Most orchestra advertising that I’ve seen doesn’t help with this. Take the New York Philharmonic, which I notice because it’s my hometown orchestra, though I could just as well pick my other hometown orchestra these days, the National Symphony in Washington. “Alan Gilbert Conducts Mahler,” says the headline of an ad. Which says exactly what the readers of the ad — except the experts — already know. At every concert, somebody — probably a name that might not mean much to most people — conducts music by famous classical composers, Mahler being one of them. Very nice, but why should that grab my attention?
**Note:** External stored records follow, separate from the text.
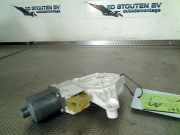 Fensterheber Elektr. Links Vorne a2048200142 Mercedes-Benz C (W204) Limousine 1.8 C-200K 16V (M271.950) 2007-09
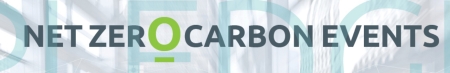 Net Zero Carbon Events 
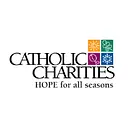 Catholic Charities of Buffalo logo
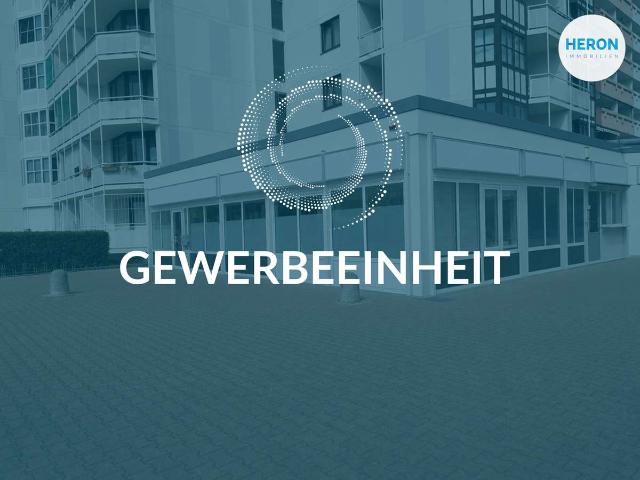 Gewerbe kaufen in Kornwestheim, Landkreis Ludwigsburg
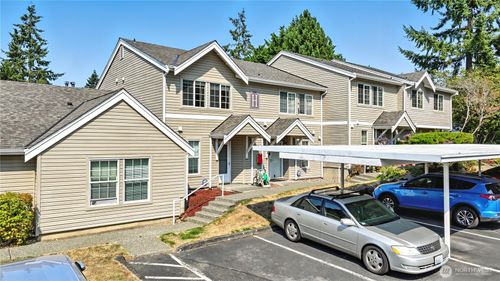 apt-h2-2100 S 336th St, Federal Way, WA, 98003-8968 | Card Image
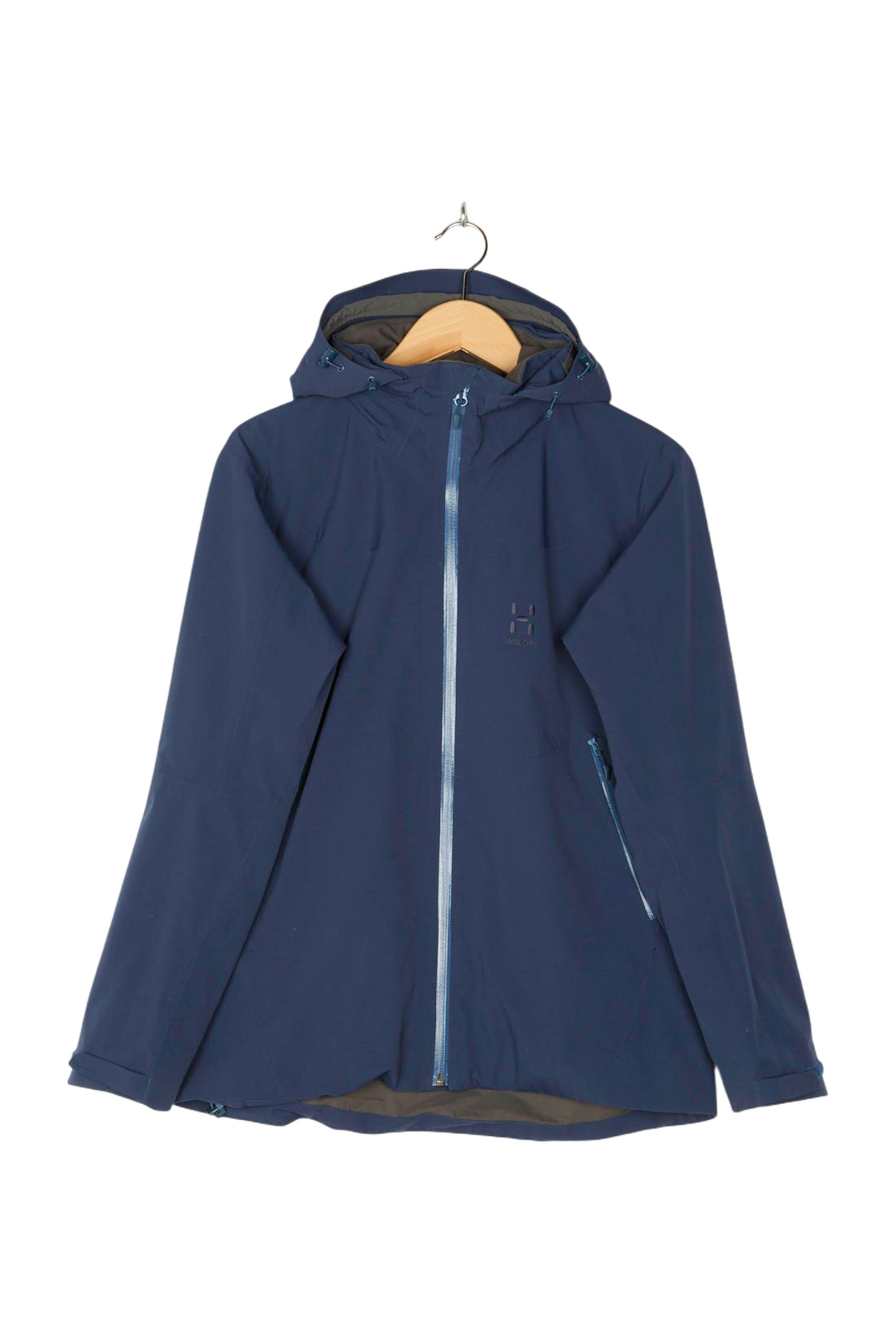 Softshelljacke für Damen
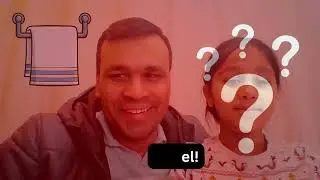 Dad & Daughter Riddles 😂 | Fun Family Riddles for Kids & Parents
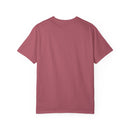 Arizona Graphic Tee, Comfort Colors Retro Unisex T shirt-22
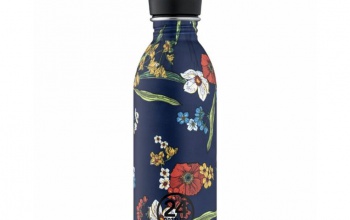 Kulacsok, amelyeken megakad majd a szemed!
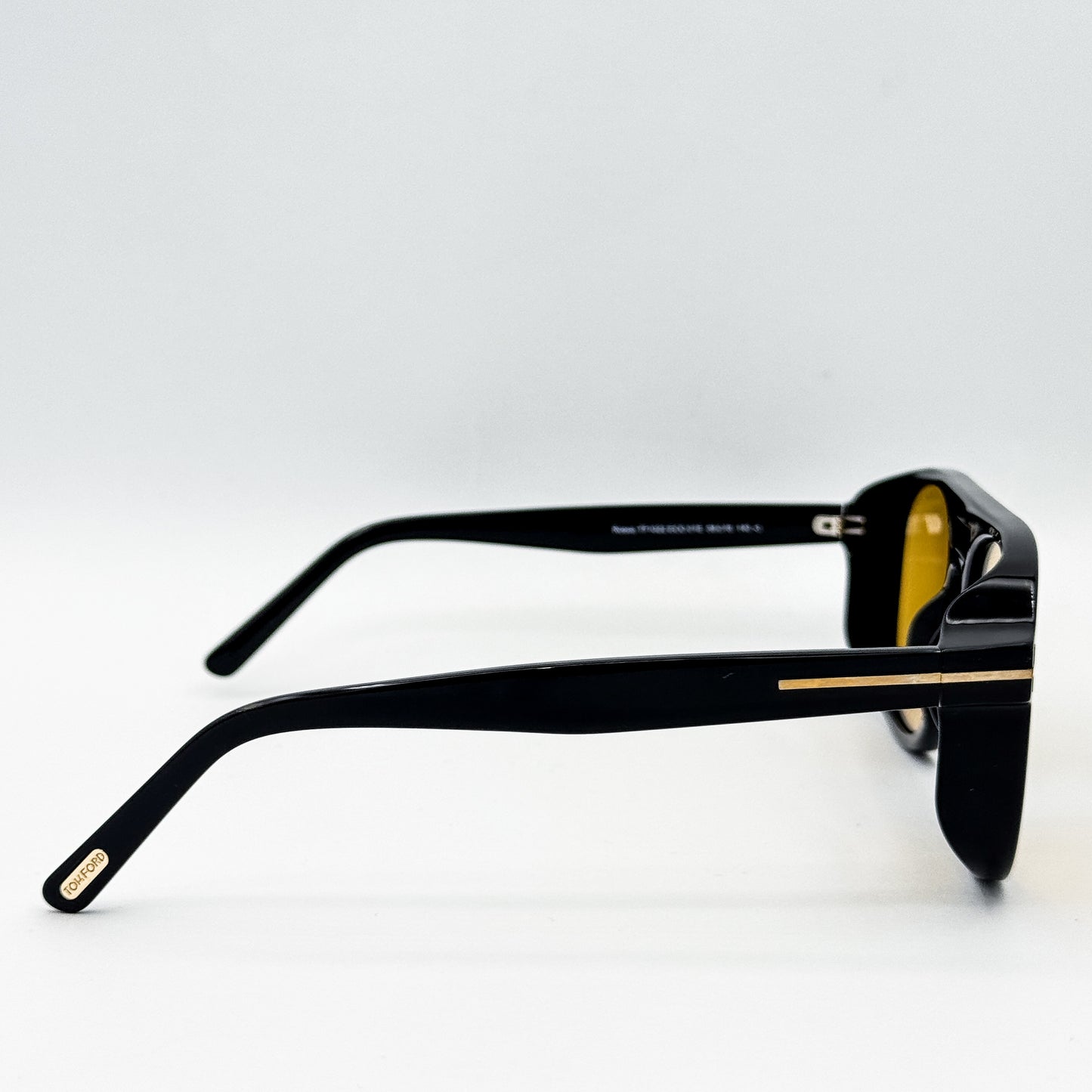 OA Tomford Rosco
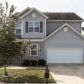 206 Providence Road, Dallas, GA 30157 ID:13806028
(Caveat: I know that in the past, at least, these ads would bring in people who knew the names — soloists, conductors, composers. But I’m talking here about the new audience, the wider community that so many of us want to reach. These ads don’t help much with that.)
So how do we change this perception? Or rather broaden it. How do we move beyond people saying, “Oh, the orchestra is nice. I went to a concert once. The music was lovely”? And instead say, “It was unforgettable. I’ve got to go again. And you [talking to a friend] should go, too. Let’s go this weekend!”
I imagine that people who’d say that might also say:
- “I feel so welcome when I go to concerts.”
- “There’s a feeling of excitement coming off the stage.”
- “I’m always surprised by what they do.”
- “The orchestra cares about things that I care about.”
- “I can’t wait to go again. I know that something fabulous will happen, even if I can’t say what.”
- “I can tell that there’s excitement here, even if I’m just walking past the concert hall.”
So how do we get there? More in my next post.
Paul says
I love classical music. But there are two reasons why I never attend any performances. One, my wife doesn’t like it. Two, two kids, a mortgage and debts that have basically prevented me from spending any money for the past 20 years on ‘luxury’ items such as concert tickets.
Perhaps when I retire, I will be able to attend concerts by myself and ironically be considered part of the aging population that comprises the orchestral audience.
Nikola Olic says
this is just addressing one aspect of it, and i think it should be a part of a much larger context.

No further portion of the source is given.